(DATA BLOCK Opens)

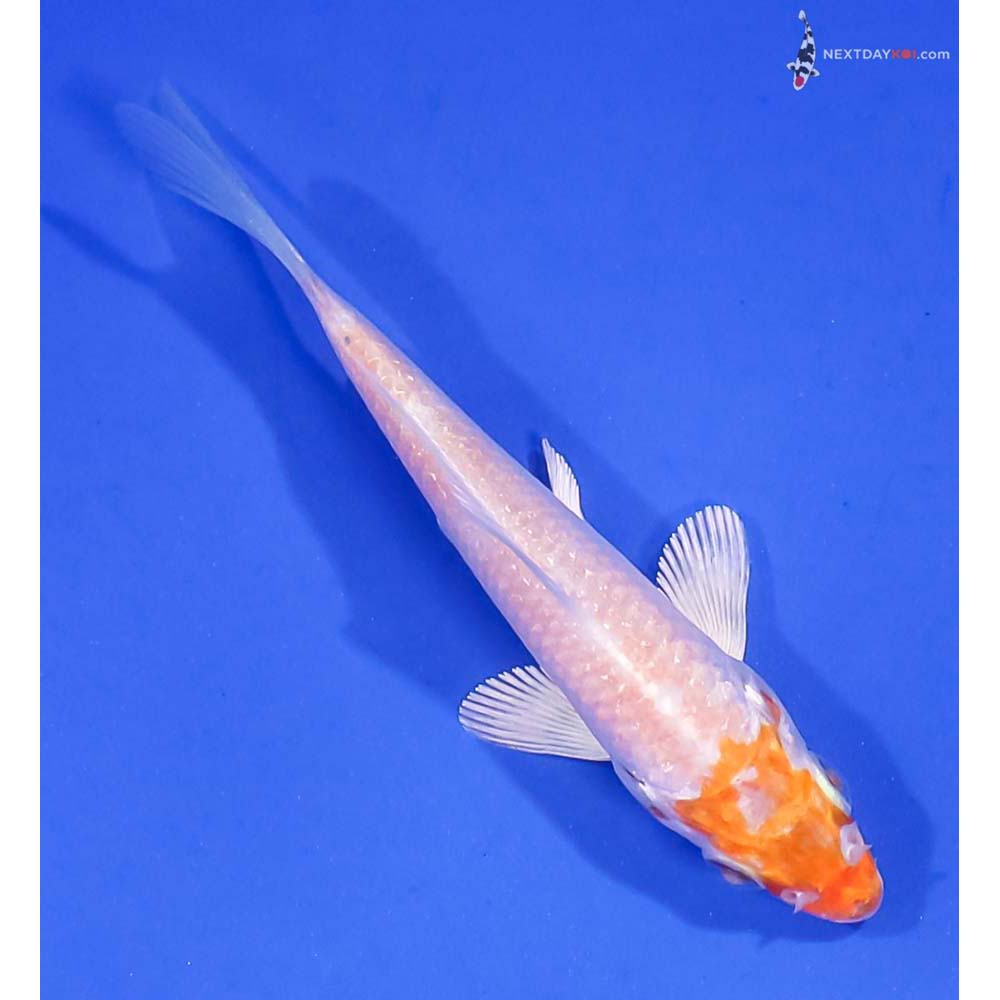 3.5” Imported Hariwake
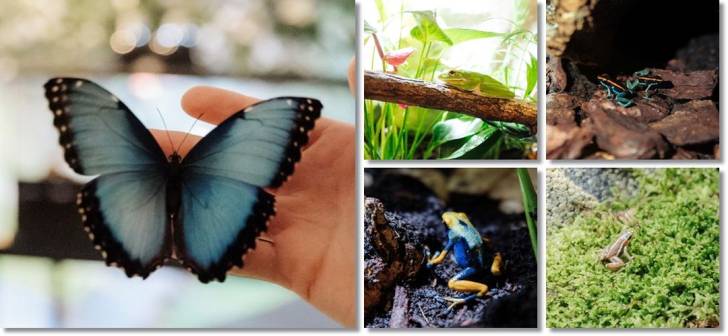 broscuțe și fluturi tropicali în expoziție broscuțe și fluturi tropicali în expoziție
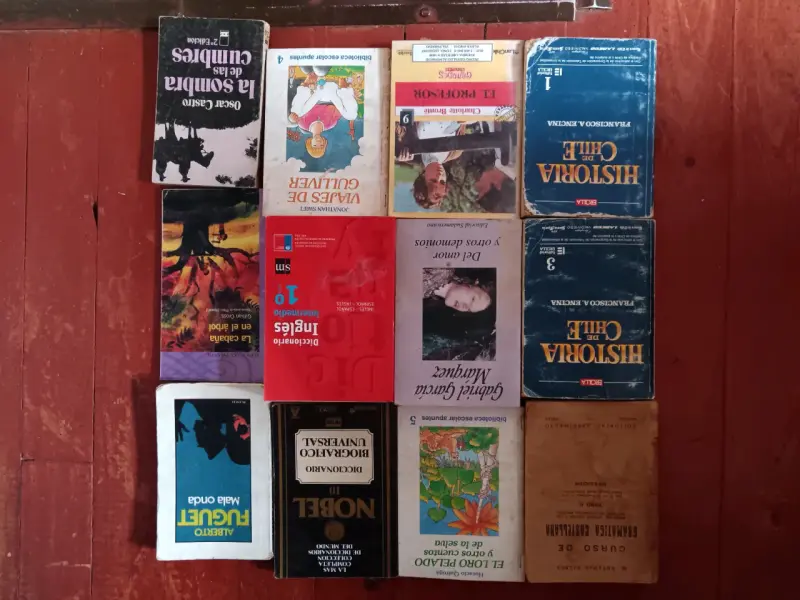 Lote de libros variados de literatura y educación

(DATA BLOCK Closes)

> **DIRECTIONS FOR THIS TASK**: Return the listing above verbatim and exclude every picture.

> **RESULT OF THIS TASK**:
 3.5” Imported Hariwake
 broscuțe și fluturi tropicali în expoziție broscuțe și fluturi tropicali în expoziție
 Lote de libros variados de literatura y educación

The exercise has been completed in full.